TASK REQUIREMENTS:
Could you copy the data that follows exactly as written, but drop the pictures?

Short descriptive text snippets:
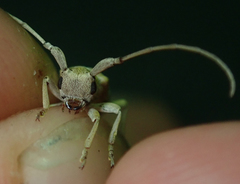 Eunidia vagevittata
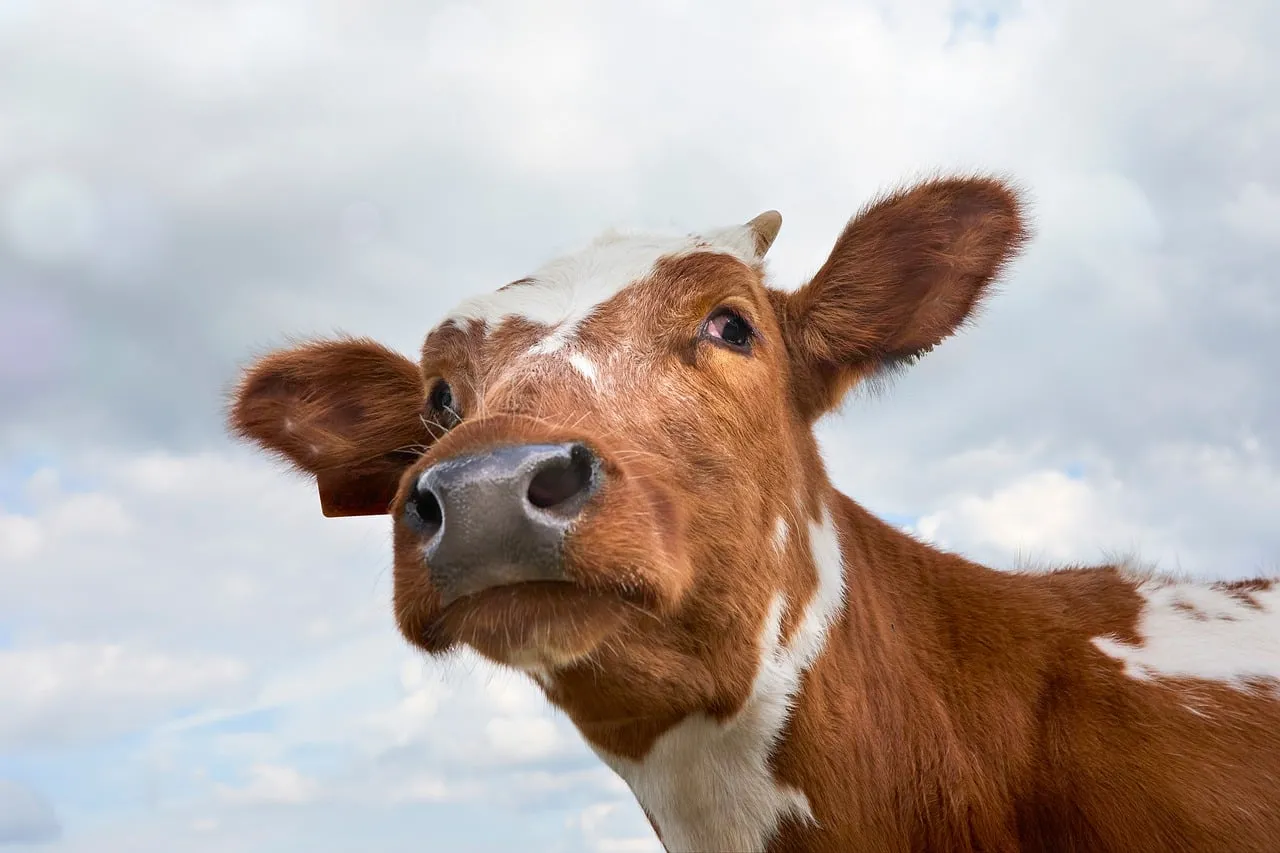 Curious Calf: A Close-Up Portrait of Young Cattle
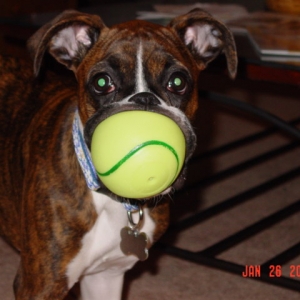Sadie and her ball...and her lips!
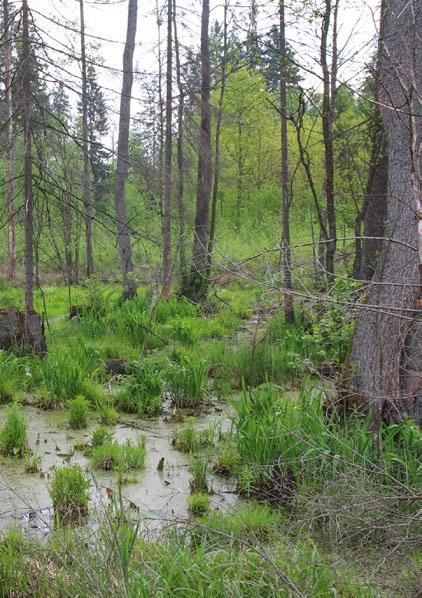 Awifauna Puszczy Boreckiej powierzchnia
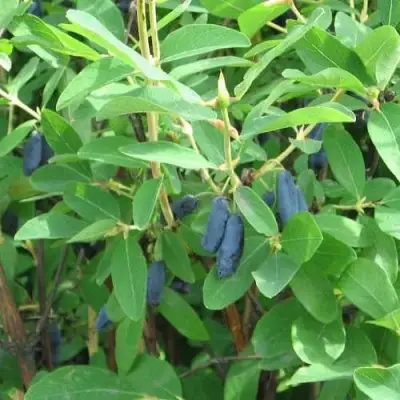 Жимолость съедобная ПУШКИНСКАЯ в Кобрине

RESULT BELOW:
 Eunidia vagevittata
 Curious Calf: A Close-Up Portrait of Young Cattle
Sadie and her ball...and her lips!
 Awifauna Puszczy Boreckiej powierzchnia
 Жимолость съедобная ПУШКИНСКАЯ в Кобрине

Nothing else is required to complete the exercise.